Feature extraction is a critical issue in the field of pattern recognition [6]. A main goal of feature extraction is to obtain a few low-dimensional representative features for the purpose of discrimination or data visualization. In past decades, many feature extraction algorithms have been proposed in the literatures [10]. The most famous feature extraction algorithms are perhaps principal component analysis (PCA) [6, 7] and linear discriminant analysis (LDA) [1, 6, 7].

PCA, which aims to find a set of orthogonal projection vectors to maximize the variance of the training samples, is an unsupervised feature extraction algorithm. On the contrary, LDA, which aims to find a set of projection vectors on which the training samples of the same class are as near as possible to each other while the training samples of the different classes are as far as possible from each other, is a supervised technique. Generally, LDA is more suitable than PCA for objection recognition problems.

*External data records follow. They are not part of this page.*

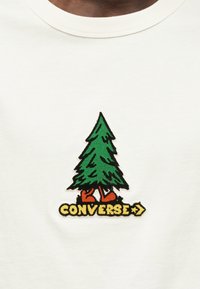 Άσπρο T-shirt με κεντητό πράσινο σχέδιο δέντρου με κόκκινα παπούτσια και κίτρινο κείμενο "CONVERSE" από κάτω. Απλό, καθημερινό στυλ.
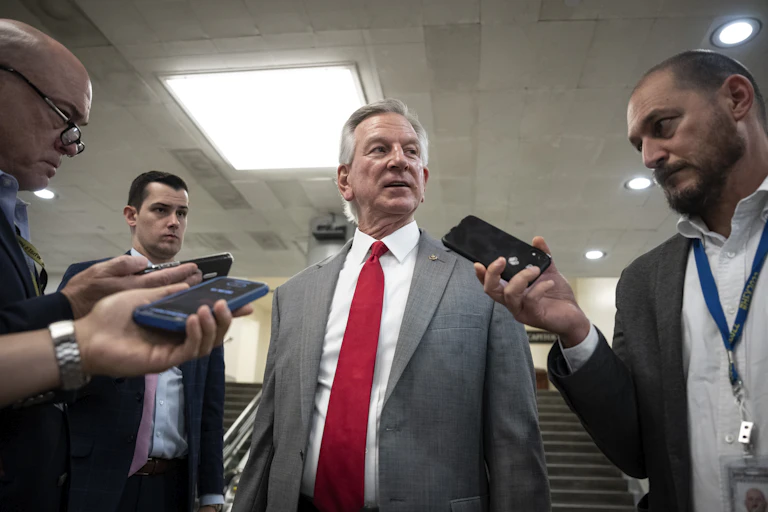A gray haired man wearing a gray suit jacket and red tie speaks into phones and reorders held by three male reporters.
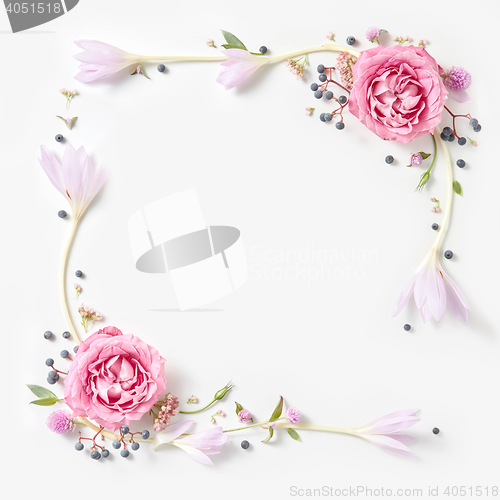 Image of Fresh pink roses frame border isolated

The conventional LDA and PCA are both based on L2-norm, which is more sensitive to outliers than L1-norm since the square operation of the L2-norm can magnify the effect of outliers [12]. Then, to address the drawback of L2-norm based feature extraction methods, researchers turned to develop the L1-norm based feature extraction techniques, e.g. robust PCA [5, 11, 12, 18, 22] and robust LDA [15, 19, 20, 23, 25], in recent years. Compared with L2-norm based feature extraction methods, the main advantage of L1-norm based feature extraction methods is that they are less sensitive to effects of the outliers. The relationship between L1-norm and its robustness is explained intuitively in Fig. 1, where the solid line and the dot line correspond to L1-norm and L2-norm, respectively. From Fig. 1, we observe that comparing to L1-norm distance, L2-norm will exaggerate the influence of large errors to some extent, which are usually caused by outliers and noise.

Fig. 1

Illustration of the exaggeration effect of the L2-norm and comparison with that of the L1-norm

By using maximum likelihood estimation, Ke et al. [11] proposed L1-PCA, which obtains the optimal projection matrix by using convex programming techniques. R1-PCA [5], which is rotational invariant, can combine the advantages of PCA and L1-PCA. However, L1-PCA and R1-PCA are more computationally expensive than the conventional L2-PCA. Recently, Kwak [12] proposed a rotational and robust L1-norm based PCA, i.e., PCA-L1, which can maximize the variance based on L1-norm and learn the optimal projection vectors by using a greedy iteration method. In contrast to L1-PCA and R1-PCA, PCA-L1 can obtain much lower reconstruction error in the facial image reconstruction. In [17], Nie et al. proposed a non-greedy strategy to solve PCA-L1 which can obtain much better projection matrix than that of L1-PCA. By using matrix and tensor techniques, Li et al. [22] and Pang et al. [18], respectively, generalizes L1-PCA to propose L1-norm based 2DPCA and tensor PCA.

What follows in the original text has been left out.